→ Dataset:
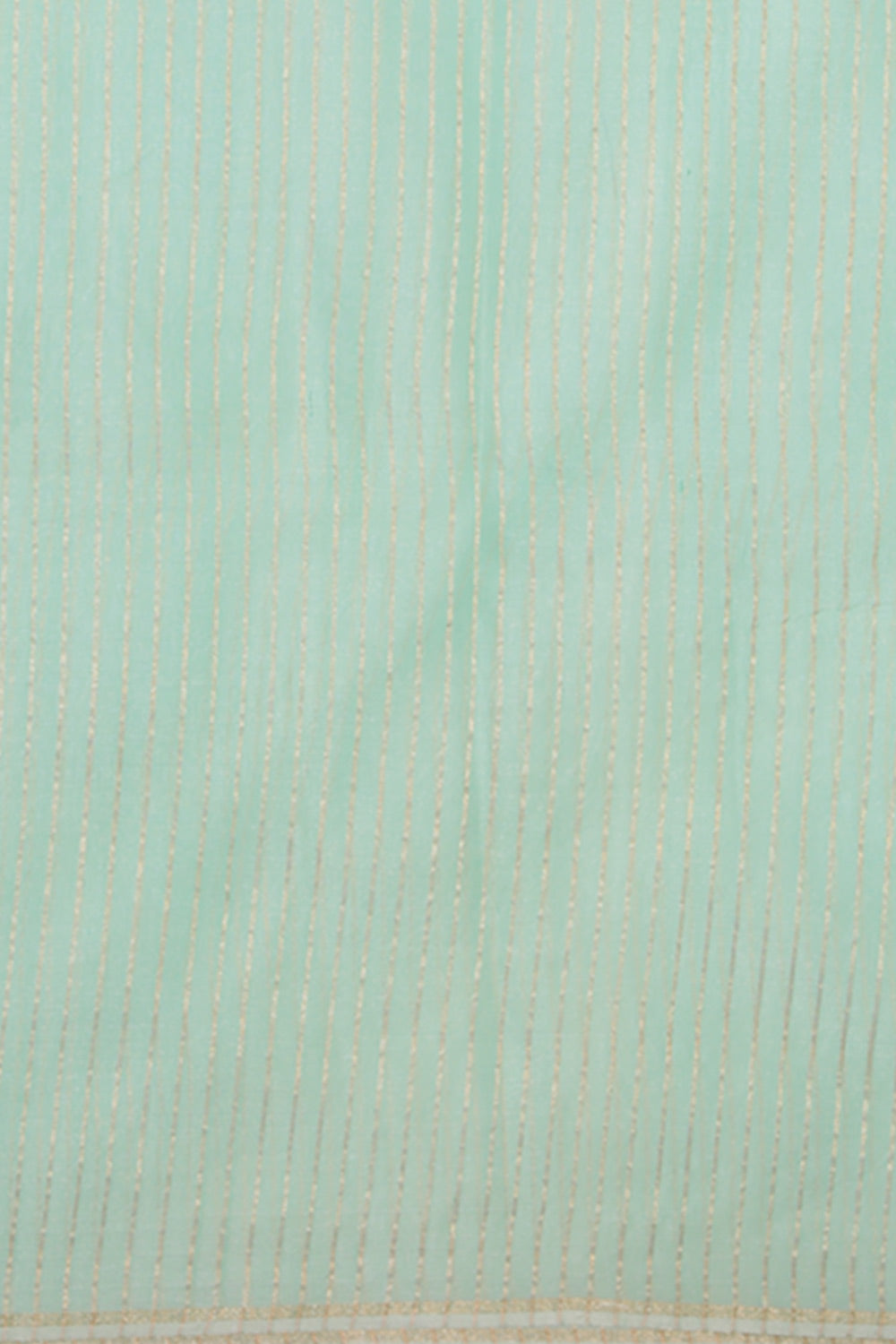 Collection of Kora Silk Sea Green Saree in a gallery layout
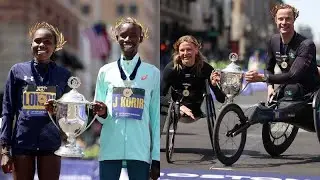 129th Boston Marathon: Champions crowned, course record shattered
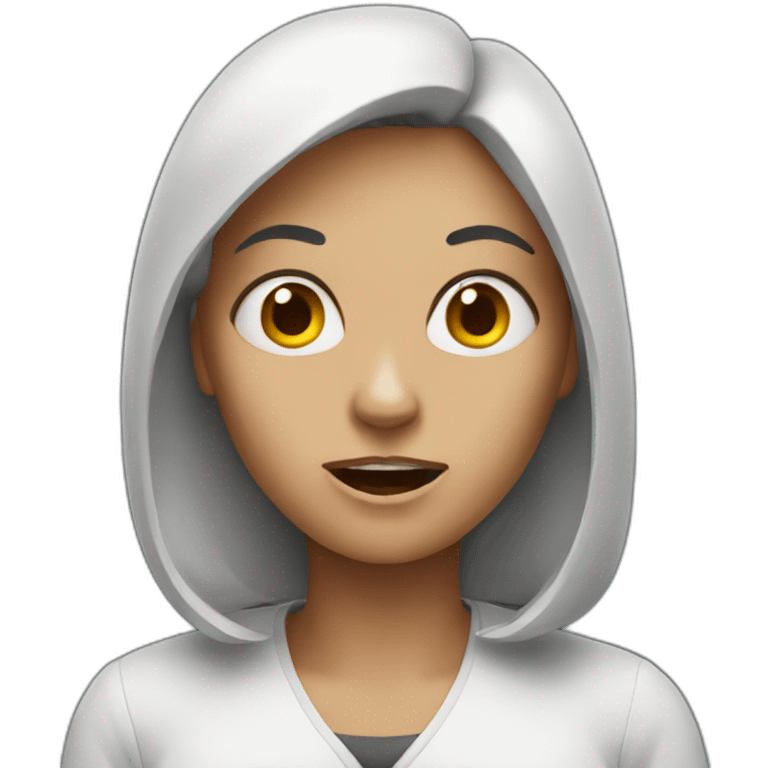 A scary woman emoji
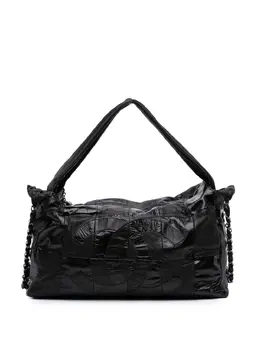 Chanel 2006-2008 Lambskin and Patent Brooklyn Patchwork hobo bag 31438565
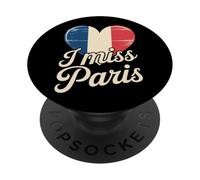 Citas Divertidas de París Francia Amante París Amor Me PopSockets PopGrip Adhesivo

→ Work to be completed:
The images are to be left out while the entries are written out exactly.

→ Final answer:
 Collection of Kora Silk Sea Green Saree in a gallery layout
 129th Boston Marathon: Champions crowned, course record shattered
 A scary woman emoji
 Chanel 2006-2008 Lambskin and Patent Brooklyn Patchwork hobo bag 31438565
 Citas Divertidas de París Francia Amante París Amor Me PopSockets PopGrip Adhesivo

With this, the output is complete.